Start by copying any important data off the cluster to long-term storage (like your local device via scp/rsync or a bucket in S3). Note that to write files to an S3 bucket, you will either need to configure the AWS CLI with temporary credentials associated with a role which has S3 write access for your target bucket, or target a bucket specified in your cluster configuration file which has EnableWriteAccess
: true set. Once important files have been backed up, the cluster can be terminated by running:
pcluster delete-cluster --cluster-name <your-cluster-name>
Cluster deletion can take more than 5 minutes. To verify that resources have been deleted, check whether the cluster is still detected by running:
pcluster list-clusters
Conclusions
Following the steps shown above, you can set up an HPC environment on AWS for performing DFT calculations using QuantumESPRESSO. This simple solution has the advantage of generating a reproducible environment, which is an essential requirement for any research project.

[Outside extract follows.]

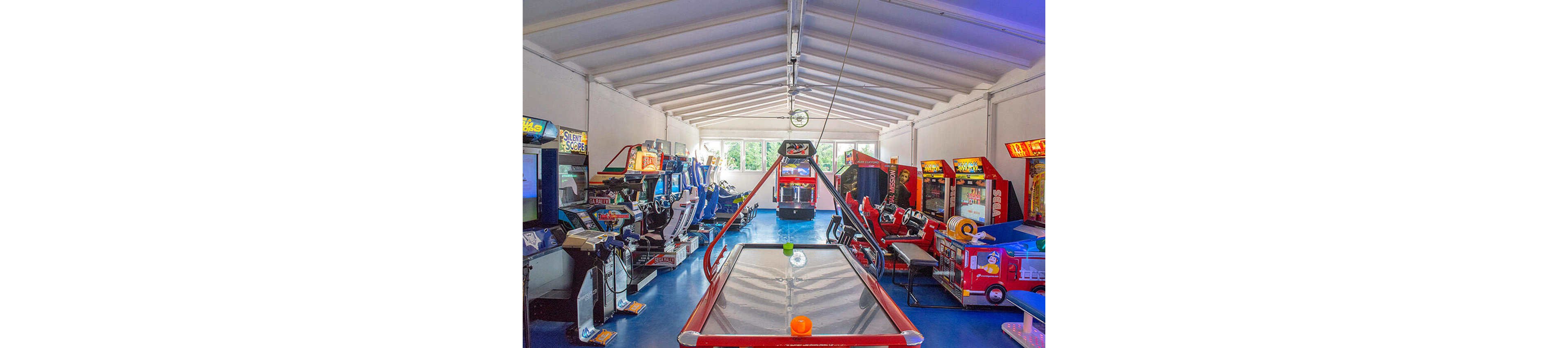 A spacious arcade room features a central air hockey table with orange and green pucks. The setting is filled with various classic arcade game machines, including racing and claw games, arranged along the walls. The room is brightly lit with natural light streaming through large windows, creating a lively and playful atmosphere. The blue floor and white ceiling enhance the vibrant, energetic mood.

This setup also provides a way for scientists to run their calculations without having to face the unpredictable start times which are common for a shared cluster environment.
Using the same procedure, you can extend quantum chemistry calculations beyond purely classical hardware to quantum hardware by leveraging the quantum computing capabilities provided by Amazon Braket. This can be done, for example, by interleaving Amazon Braket API calls within a workflow which also contains jobs submitted to the HPC cluster. Such a setup makes it possible to implement hybrid HPC and QC workflows without requiring long-running compute resources, in a manner which will be approachable for both quantum computing researchers and those familiar with typical HPC resources.